Testing our work with HSpec and Golden

Posted on June 28, 2017 by Adam Wespiser

Testing shows the presence, not the absence of bugs Dijkstra

Testing w/ Haskell

Within dynamically typed language like Scheme, we lose the safety of Haskell’s type system and need an alternative guaranty of behavior. This chapter is about writing tests to ensure our Scheme is behaving as we expect. Fortunately, testing can be easily integrated into a Stack project, and Haskell’s many frameworks satisfy a multitude of testing requirements. We will be looking at a few testing options, and implementing both HSpec, and Tasty.Golden. There are two files for testing, test-hs/Spec.hs which contains the parser tests and golden file tests, and test-hs/Golden.hs, that contains just the golden file tests.

Haskell Testing Frameworks

Haskell has a few good testing frameworks, here are a few of them, and what they do:
HUnit. A Simple embedded DSL for unit testing.
HSpec is a straightfoward testing framework, and gives great mileage for its complexity. HSpec is inspired by RSpec a testing library for Ruby, and the two show remarkable similarity.
QuickCheck. Tests properties of a program using randomly generated values.
Tasty Test framework that includes HSpec, Quickcheck, HUnit, and SmallChcek, as well as others, including Golden, which we will use for testing against a value within a file.

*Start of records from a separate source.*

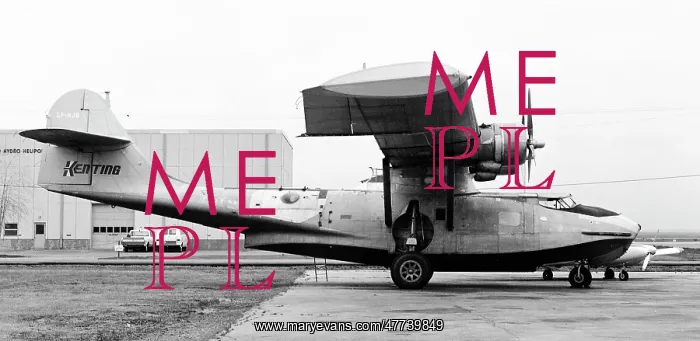 : Canadian-Vickers Canso CF-NJB : Canadian-Vickers Canso CF-NJB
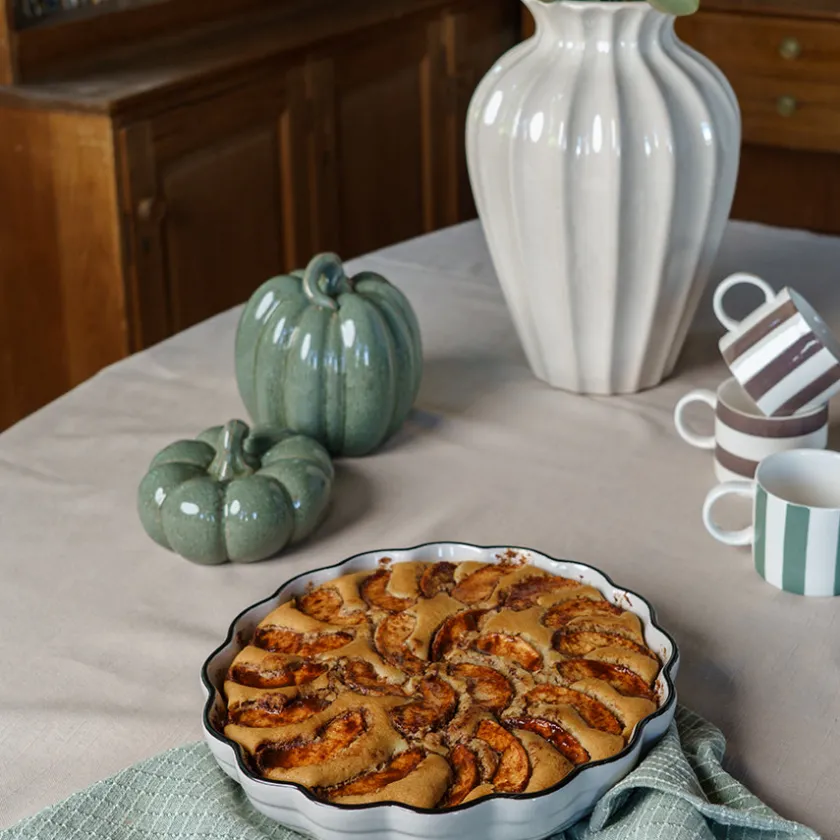 SEASONS Fall Collection Gresskar 17cm Grønn Clearance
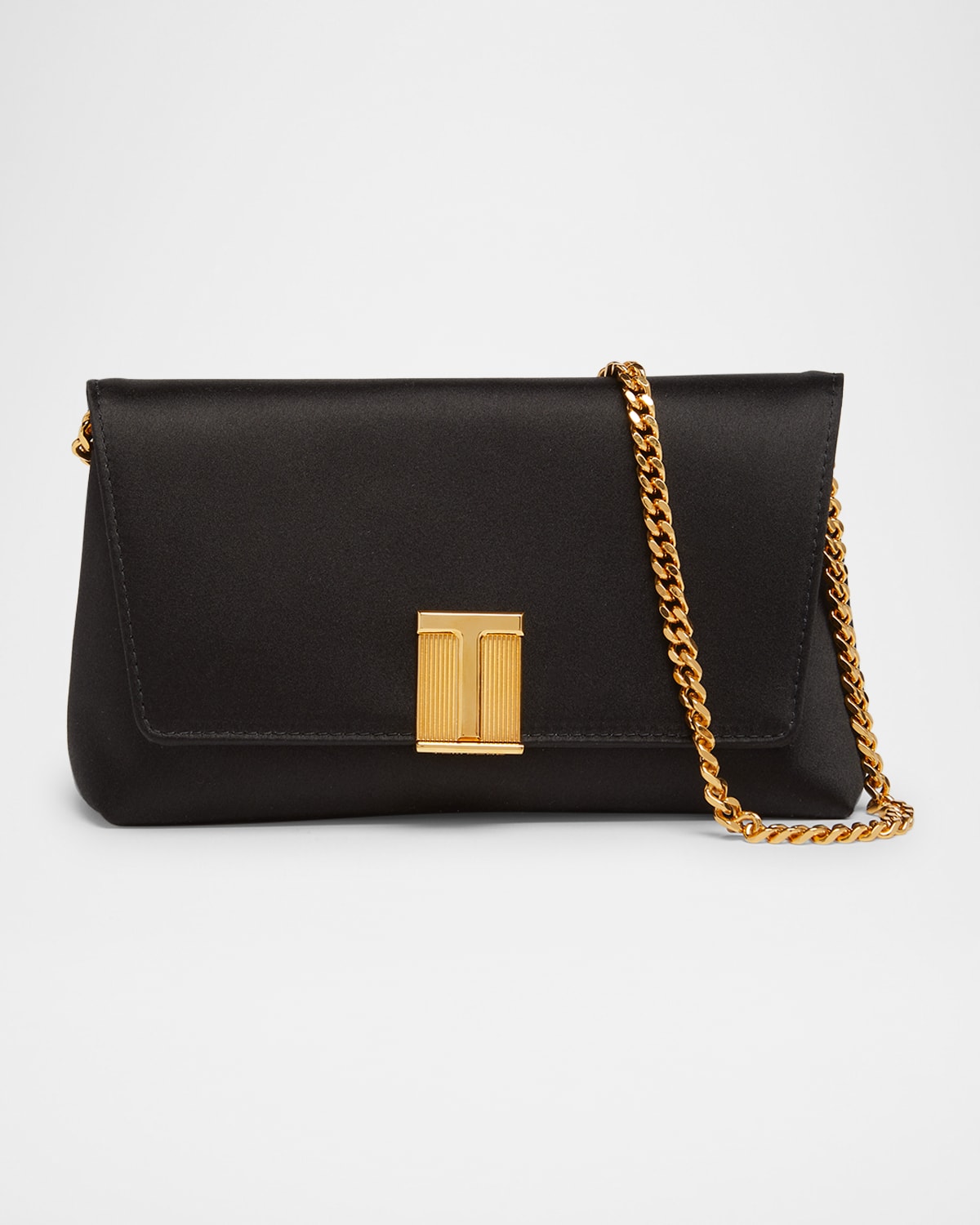 Tom Ford Nobile Mini Shoulder Bag In Satin
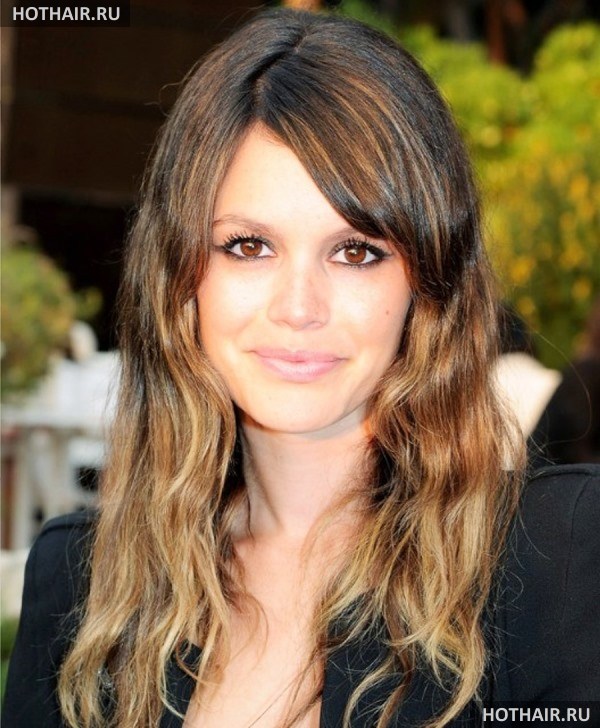 стрижки с длинной челкой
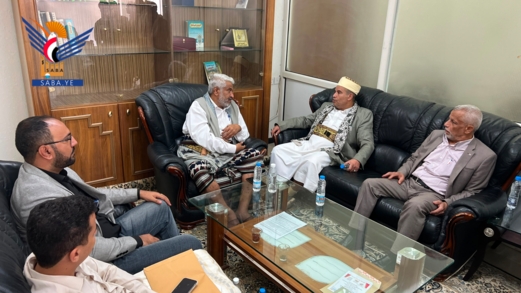 وزير النقل والأشغال يناقش مع رئيس محكمة استئناف الأمانة جوانب التعاون المشترك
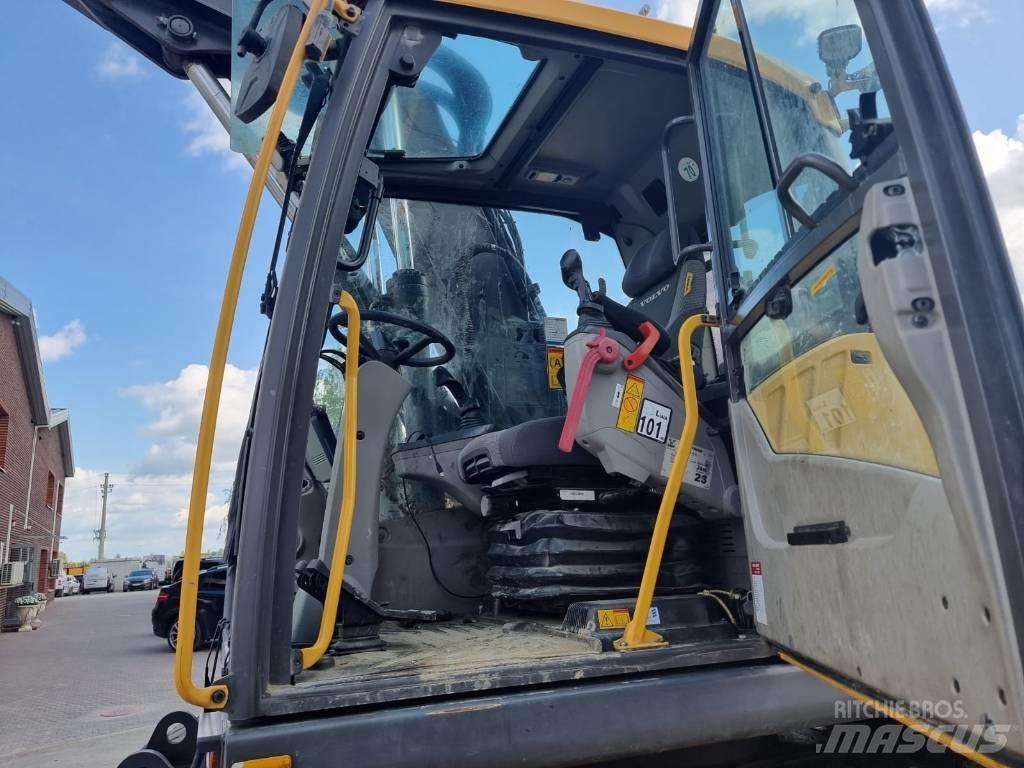 Volvo EW 140 D Bageri na kotačima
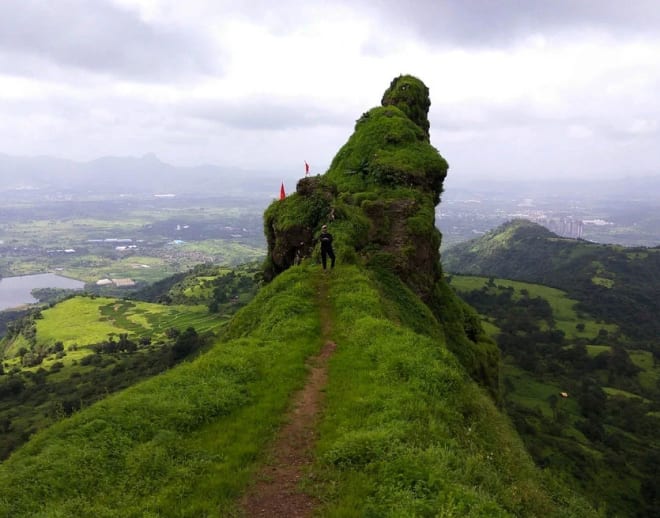 Irshalgad trek from Mumbai Image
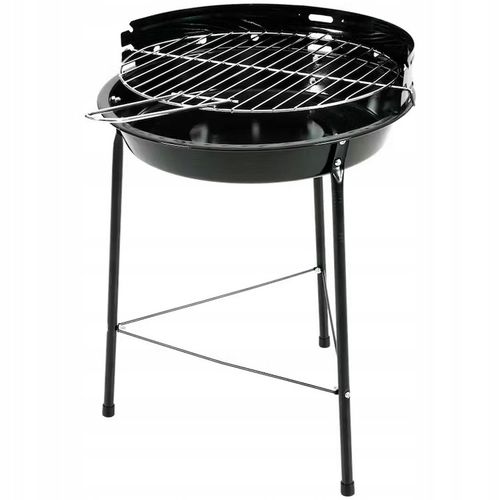 GRILL OGRODOWY TURYSTYCZNY PRZENOŚNY OKRĄGŁY WĘGLOWY KLASYCZNY KEMPINGOWY na Arena.pl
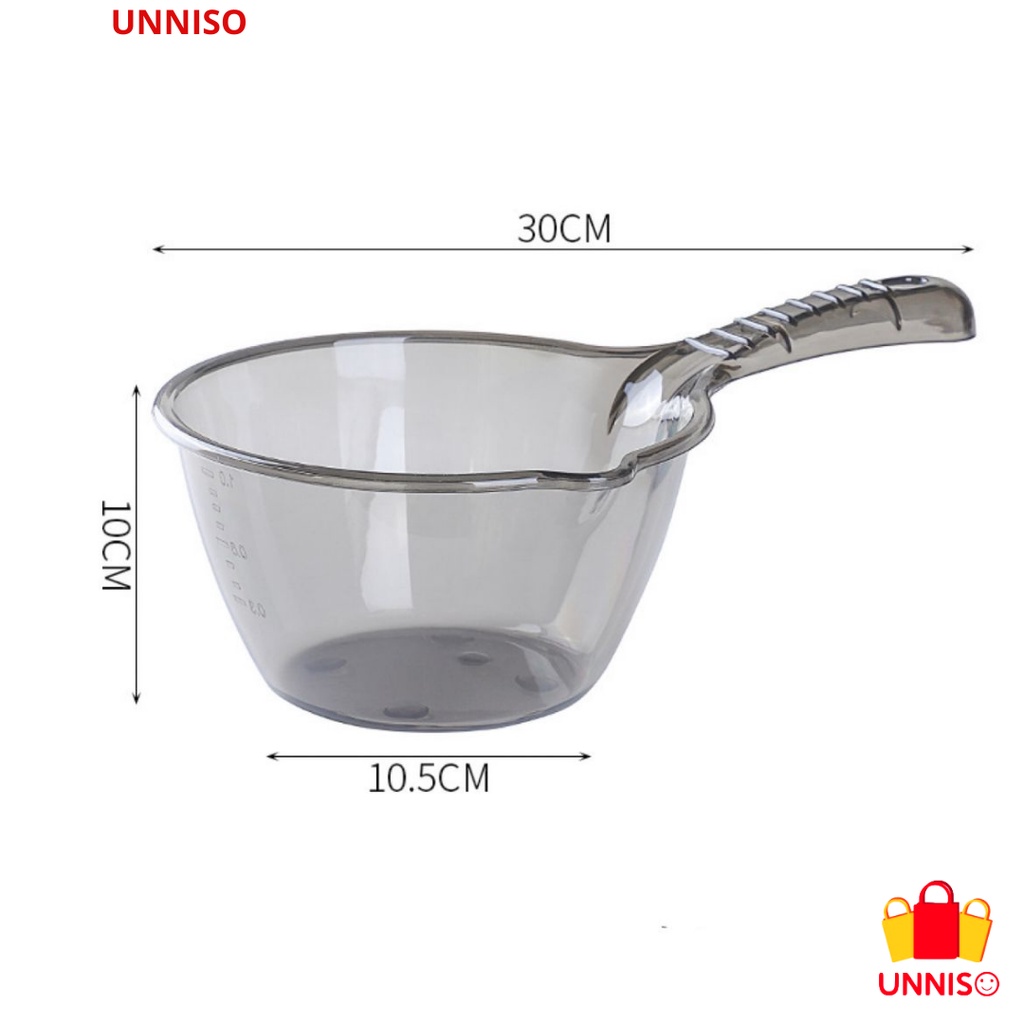 UNNISO - Gayung Water Scoop Pembilas Buah Dan Sayuran GB1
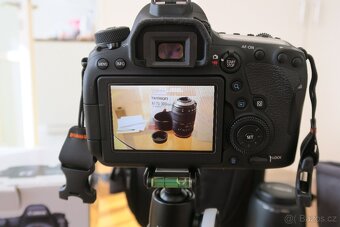 Canon EOS 6D II + 2x objektiv - 4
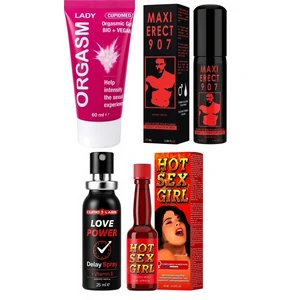 Pachet SuperPutere: Kit Intensitate pentru Cuplu Pachet SuperPutere: Kit Intensitate pentru Cuplu pe Denysa.ro
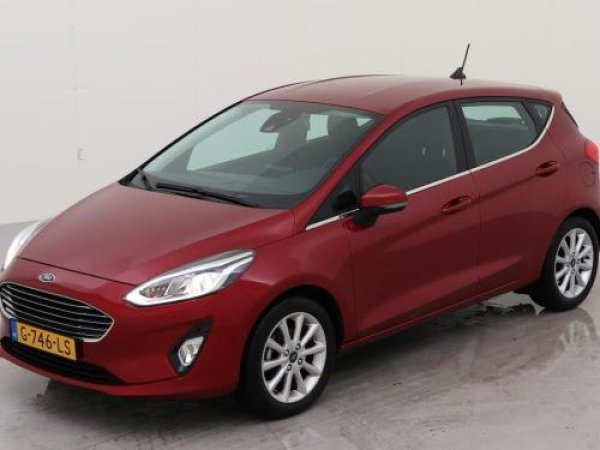 Ford Fiesta 1.0 EcoBoost Titanium 2019 - voorkant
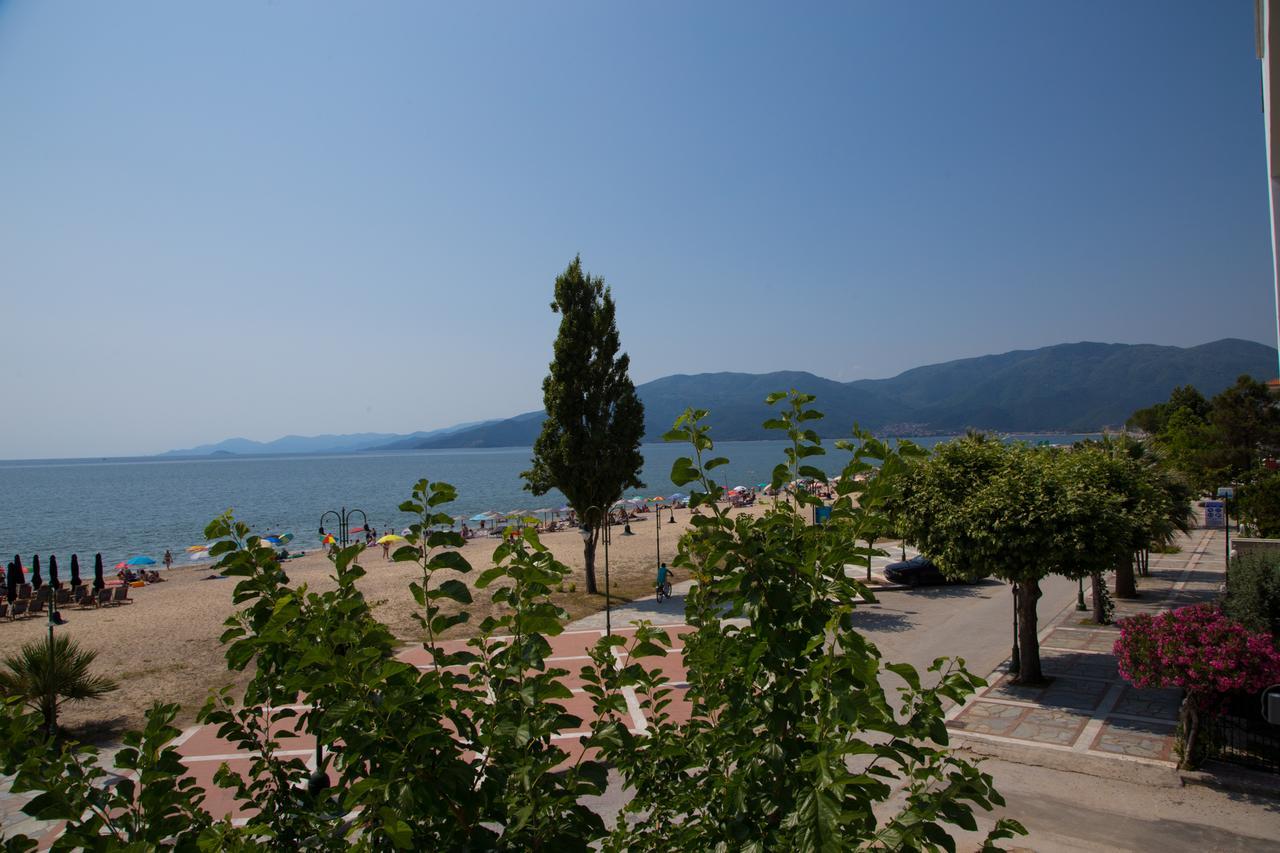 Amalia Rooms Sea View Vrasná 외부 사진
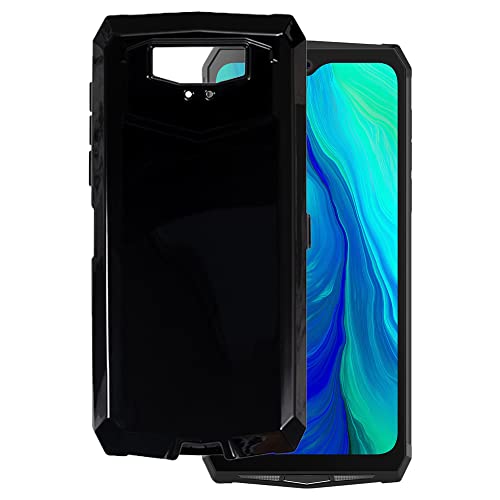 OAGELIM Funda Compatible con iHunt Titan P13000 Pro Case Antigolpes con Cubierta Protectora Flexible de TPU Suave y Resistencia a Arañazos con Protección (Negro)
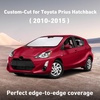 EcoNour Windshield Sunshade Compatible for Toyota Prius Hatchback 2010-2015 | (Not for Prius C or Prius V) Sun Visor for Front Window Sun Shade Cover, UV Heat Protector, Car Accessories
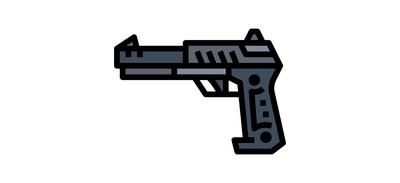 Image for Airsoft Gun  Cricut SVG Design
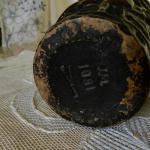 Johann Maresch: Váza s pávem Johann Maresch: Váza s pávem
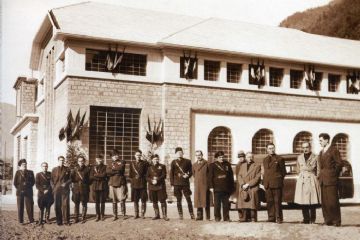 Cerimonia di inaugurazione - 1941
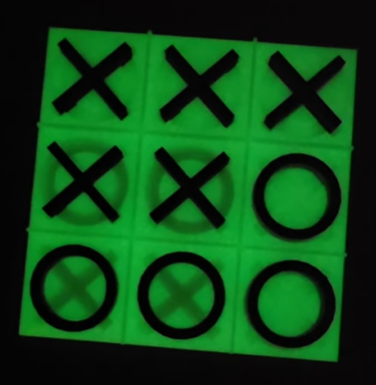 Tic Tac Toe - 3D Print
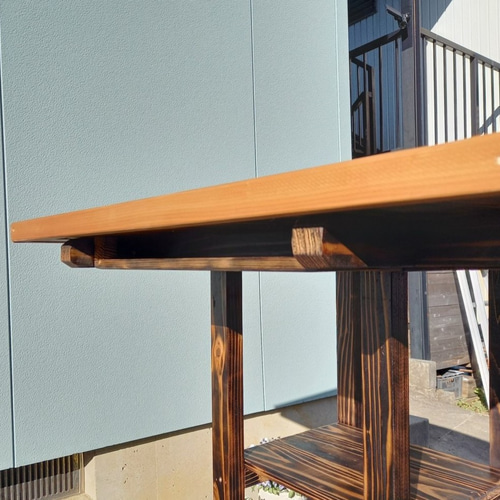 柿渋塗麻雀卓 その他家具 ヒロ工房 通販 10854970｜Creema(クリーマ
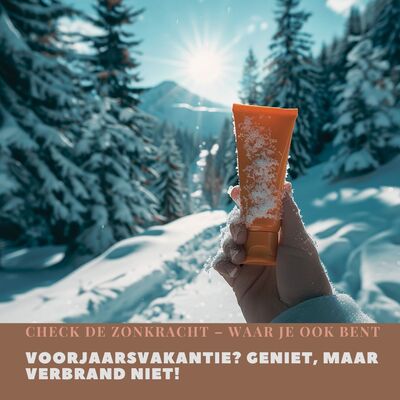 Geniet van de zon, maar verbrand niet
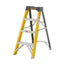 Climb-It Glass Fibre Swingback Stepladders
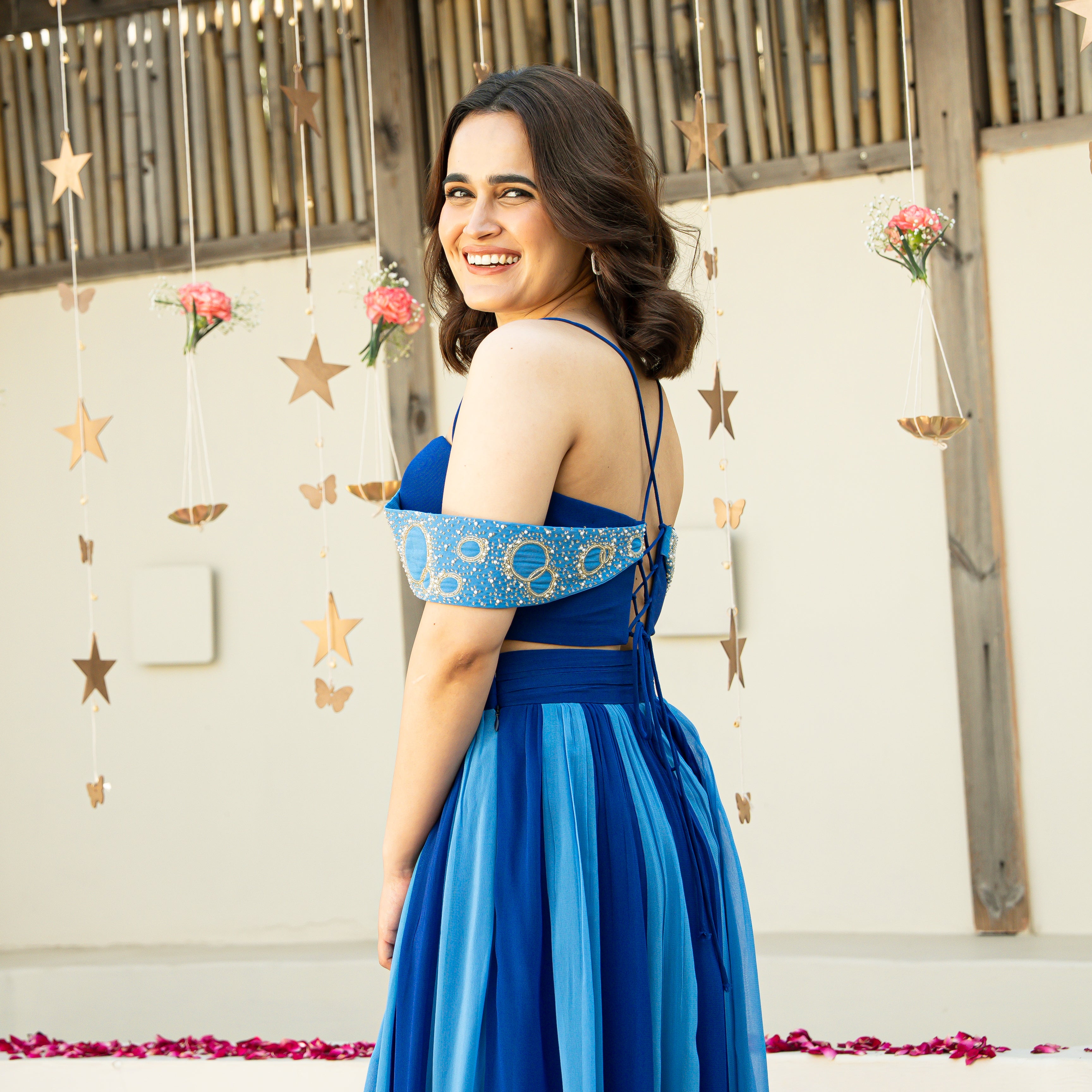 Indigo Prism Co-ord Set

Testing Setup within Stack

To setup testing, the following is added to scheme.cabal

test-Suite test
  type: exitcode-stdio-1.0
  main-is: Spec.hs
  hs-source-dirs: test-hs
  default-language: Haskell2010
    base         >= 4.8 && < 5.0,
    text         >= 1.2 && <1.3,
    hspec        >= 2.2 && < 2.3,

This enables stack test and stack build --test to automatically run the HSpec tests found in test-hs/Spec.hs Running one of these commands will build the project, run the tests, and show the output. Phew! All tests pass! (let me know if they don’t)

test-Suite test-golden
  type: exitcode-stdio-1.0
  main-is: Golden.hs
  hs-source-dirs: test-hs
  default-language: Haskell2010
    base         >= 4.8 && < 5.0,
    text         >= 1.2 && <1.3,
    tasty        >= 0.11 && <0.12,
    tasty-golden >= 2.3 && <2.5,
    bytestring   >= 0.10.8 && <0.11,
    scheme == 0.1

Now we can run stack test --test-golden to run the tests from test-hs/Golden.hs Running stack test will perform both test suites. Let’s look further into how testing is done, and the libraries used.

HSpec Setup

HSpec’s strength is its simplicity, and ability to compare the results of arbitrary functions against a known output. We will use it to test internal components of our Scheme, particularly the parser, which contains a depth of logic orthogonal to the rest of the code base.
First, let’s take a look at the general form of an HSpec test.

main :: IO ()
main = do
  hspec $ describe "This is a block of tests" $ do
    it "Test 1" $
      textExpr input1 `shouldBe` "result of test 1"
    it "Test 2" $
      textExpr input2 `shouldBe` "result of test 1"

HSpec Tests

Two internal aspects of our Scheme will be tested in test-hs/Spec.hs: The parser, and evaluation. These two features lend themselves easily to testing, and together, cover ensure functionality meets expectations.
Another view is that these tests allow us to modify the project without changing the features we worked so hard to implement, test driven development (TDD). The ./test folder in our project contains the Scheme expressions run during the tests. Besides files containing expressions, we can also specify expressions as T.Text, and define blocks without loading the standard library. All of the parsing logic, and evaluation of simple expressions, special forms, and features like lexical scope are included in the scheme expressions found in the test folder.

Parser Tests

The first set of tests ensures text is properly parsed into LispVal using readExpr. To organize this set of tests, the hspec function is used, along with describe to give the set of tests an suitable description. Many constructions of LispVal are tested, and here were divide that list into S-Expression and non-S-Expression values for simpler testing.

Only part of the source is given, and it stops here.